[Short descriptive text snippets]
════════════════
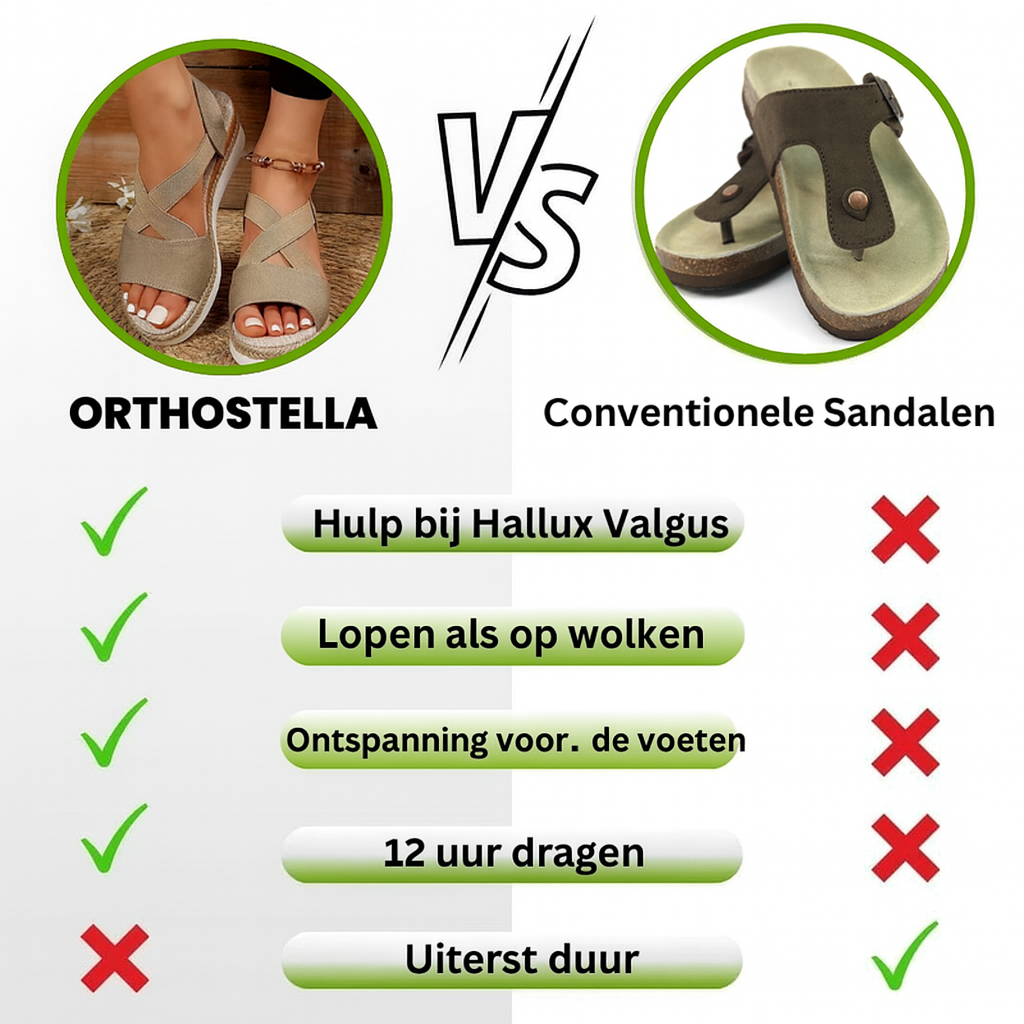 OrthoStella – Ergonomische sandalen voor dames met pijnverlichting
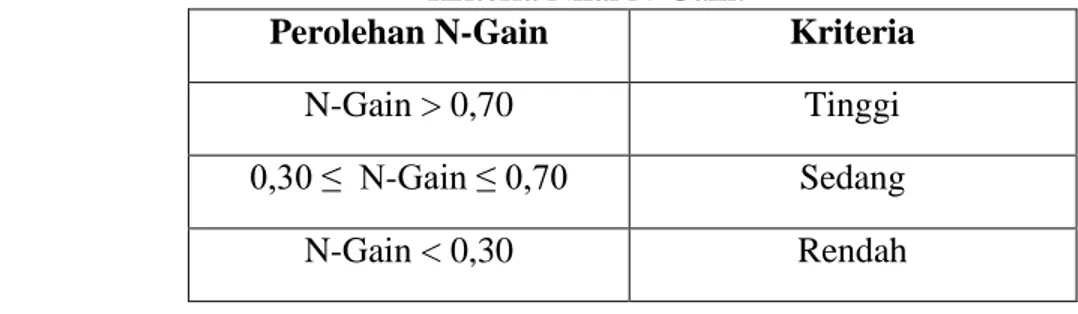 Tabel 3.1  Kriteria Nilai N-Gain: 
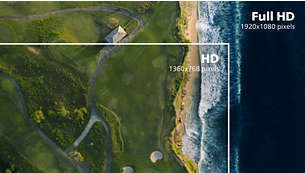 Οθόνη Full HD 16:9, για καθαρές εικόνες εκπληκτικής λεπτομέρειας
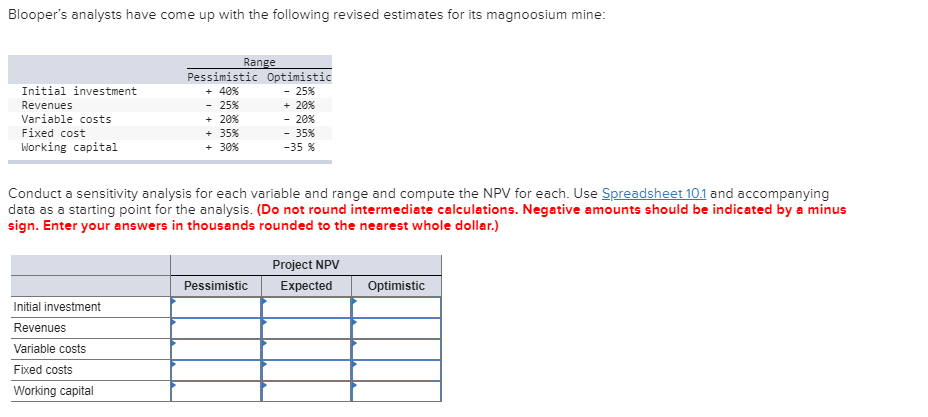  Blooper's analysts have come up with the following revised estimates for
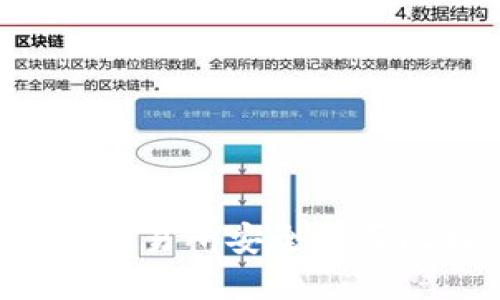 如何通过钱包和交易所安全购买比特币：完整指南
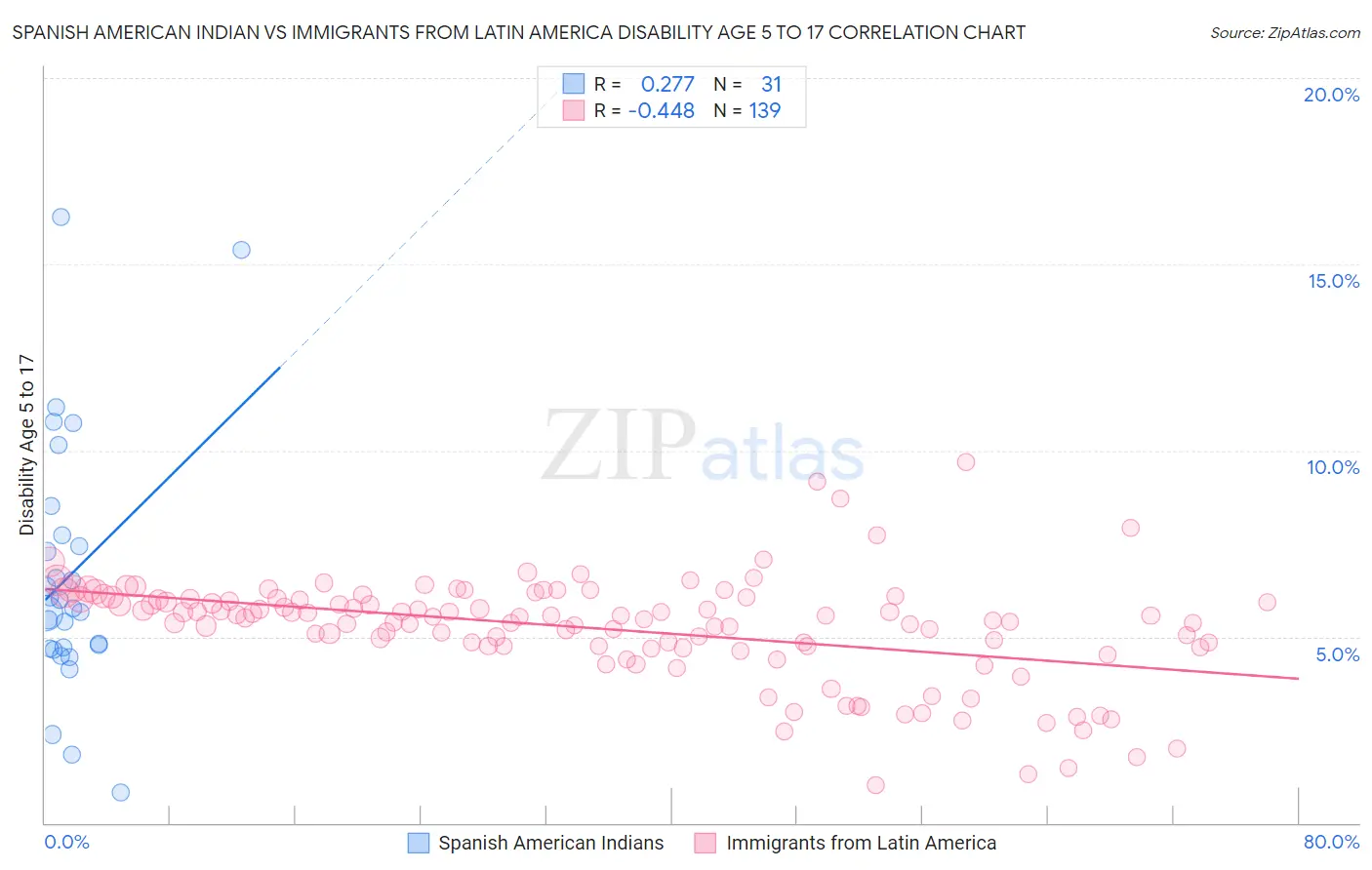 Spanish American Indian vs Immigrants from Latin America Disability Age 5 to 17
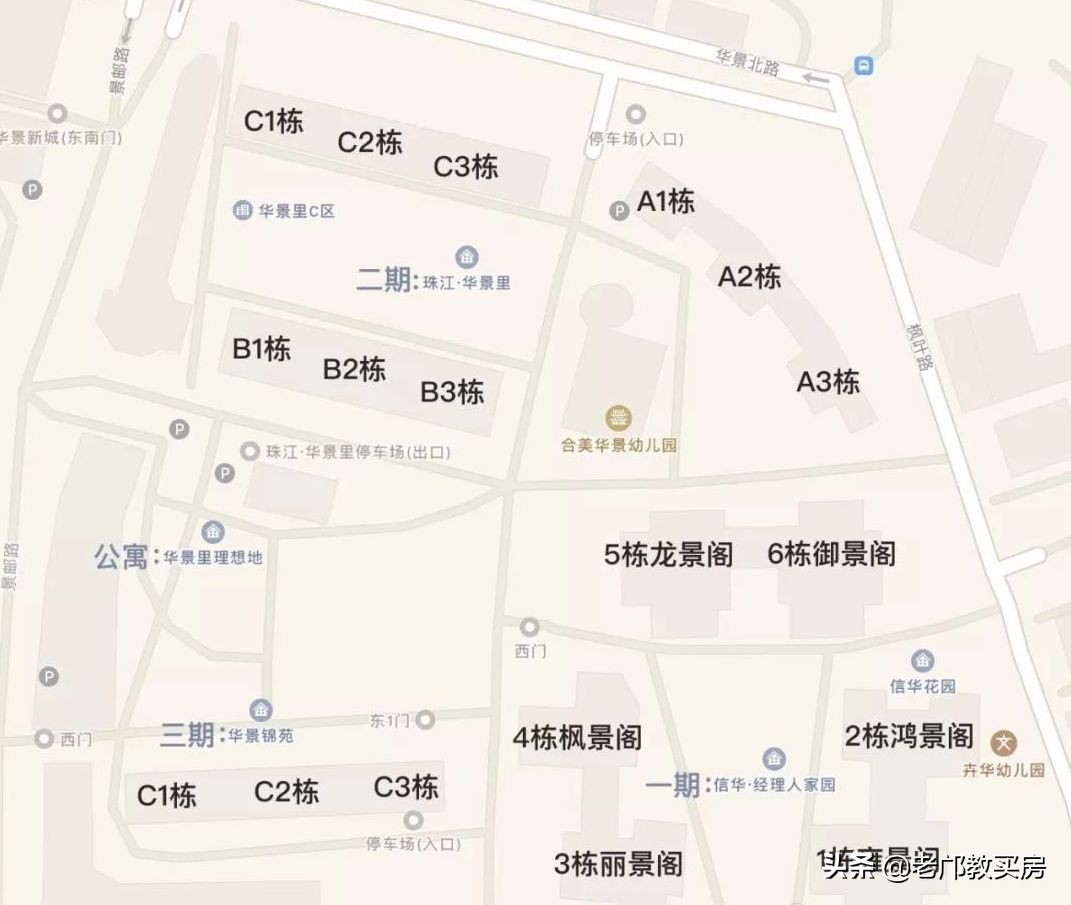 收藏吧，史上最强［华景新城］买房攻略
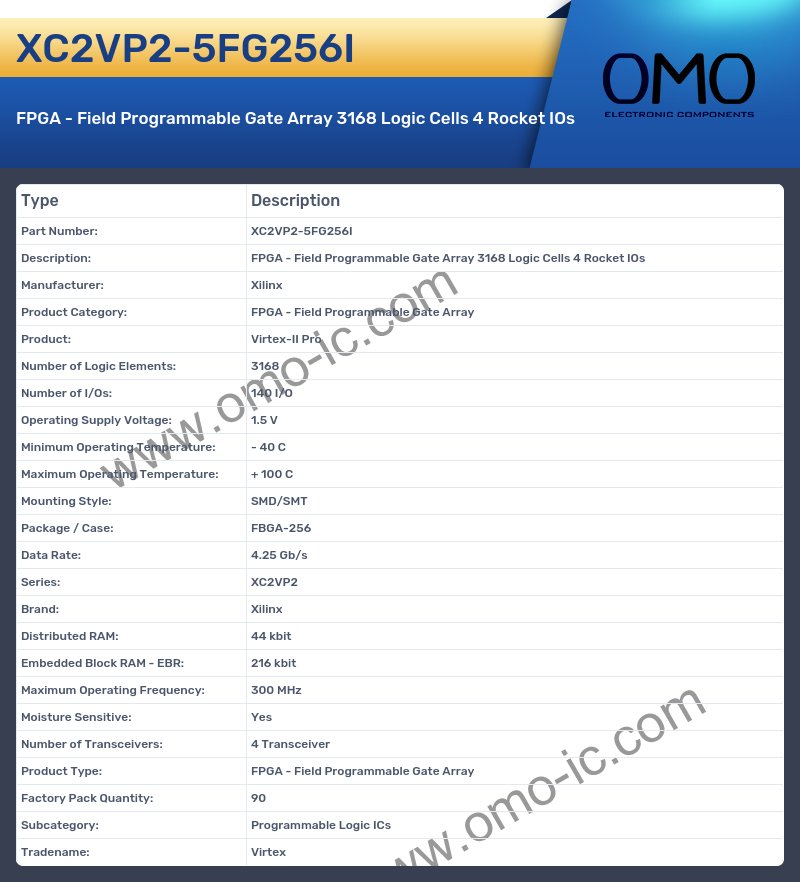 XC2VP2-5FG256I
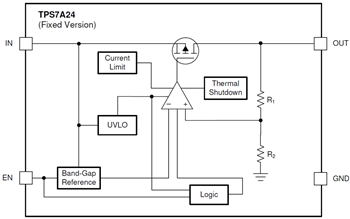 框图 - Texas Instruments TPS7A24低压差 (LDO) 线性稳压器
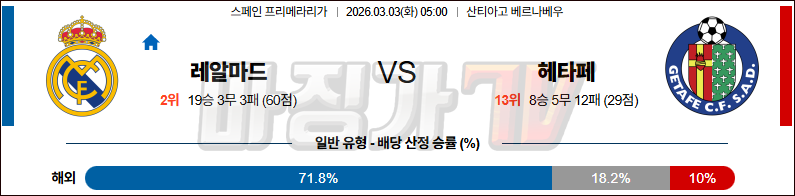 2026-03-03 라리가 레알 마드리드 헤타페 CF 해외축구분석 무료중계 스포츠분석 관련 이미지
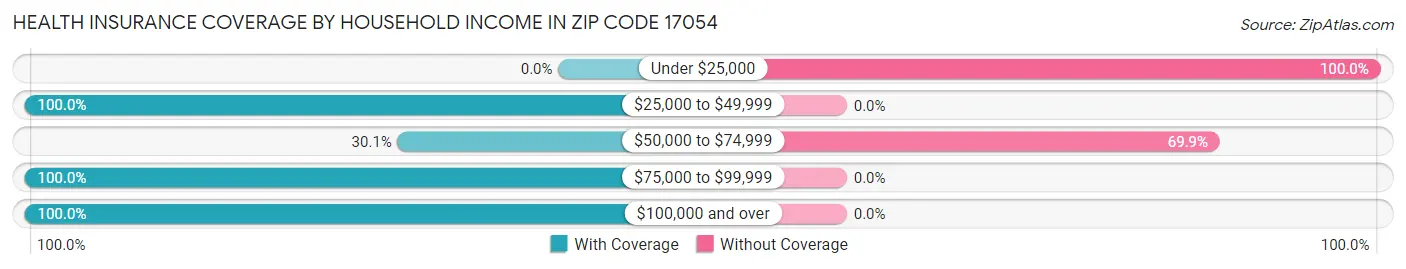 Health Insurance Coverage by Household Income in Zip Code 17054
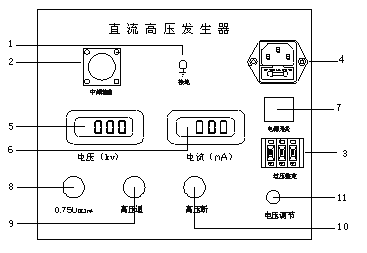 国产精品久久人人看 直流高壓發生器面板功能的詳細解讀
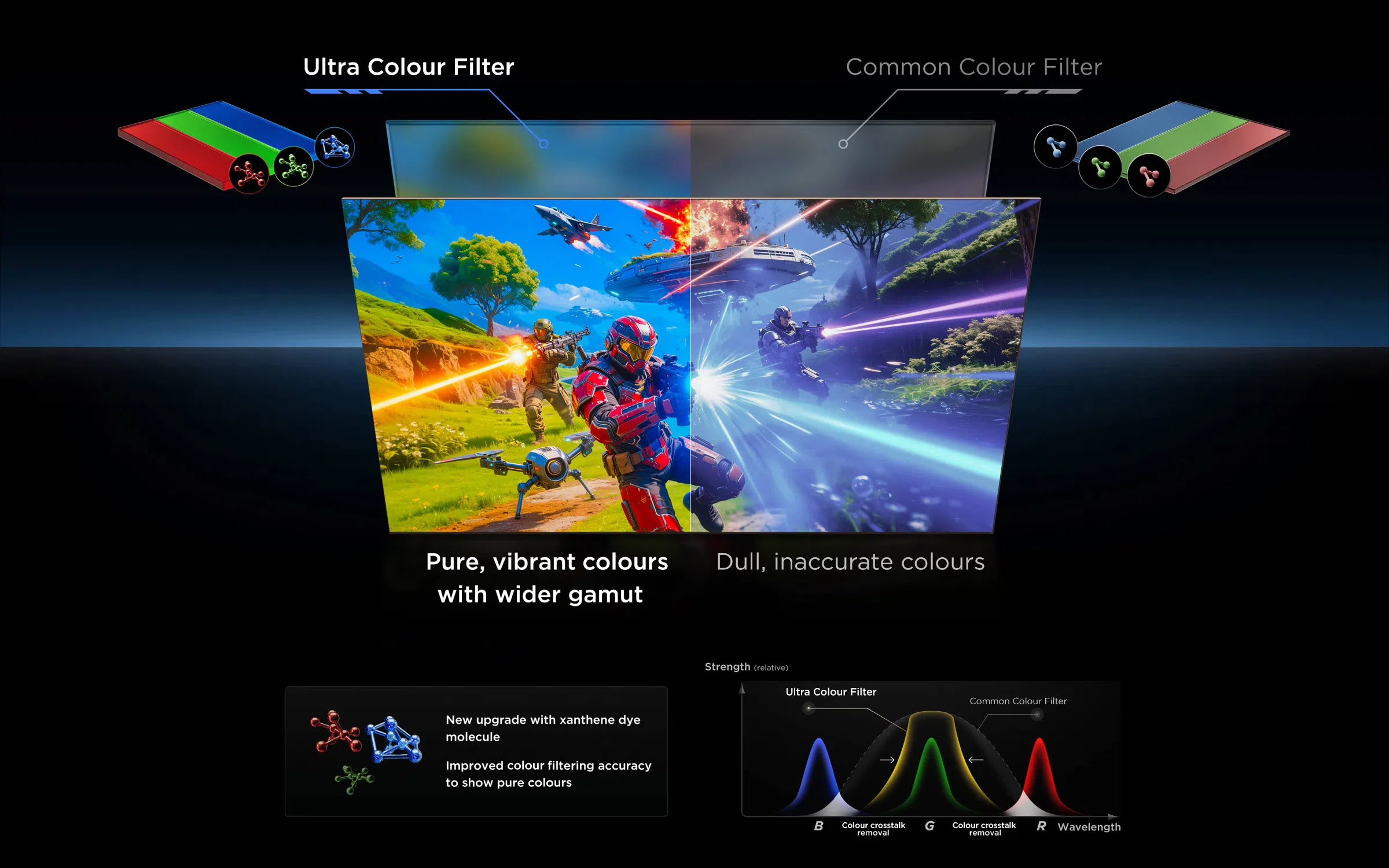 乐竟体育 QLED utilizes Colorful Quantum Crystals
════════════════
Copy out the records above in full, exactly as written, but not the pictures.

 OrthoStella – Ergonomische sandalen voor dames met pijnverlichting
 Tabel 3.1  Kriteria Nilai N-Gain: 
 Οθόνη Full HD 16:9, για καθαρές εικόνες εκπληκτικής λεπτομέρειας
  Blooper's analysts have come up with the following revised estimates for
 如何通过钱包和交易所安全购买比特币：完整指南
 Spanish American Indian vs Immigrants from Latin America Disability Age 5 to 17
 收藏吧，史上最强［华景新城］买房攻略
 XC2VP2-5FG256I
 框图 - Texas Instruments TPS7A24低压差 (LDO) 线性稳压器
 2026-03-03 라리가 레알 마드리드 헤타페 CF 해외축구분석 무료중계 스포츠분석 관련 이미지
 Health Insurance Coverage by Household Income in Zip Code 17054
 国产精品久久人人看 直流高壓發生器面板功能的詳細解讀
 乐竟体育 QLED utilizes Colorful Quantum Crystals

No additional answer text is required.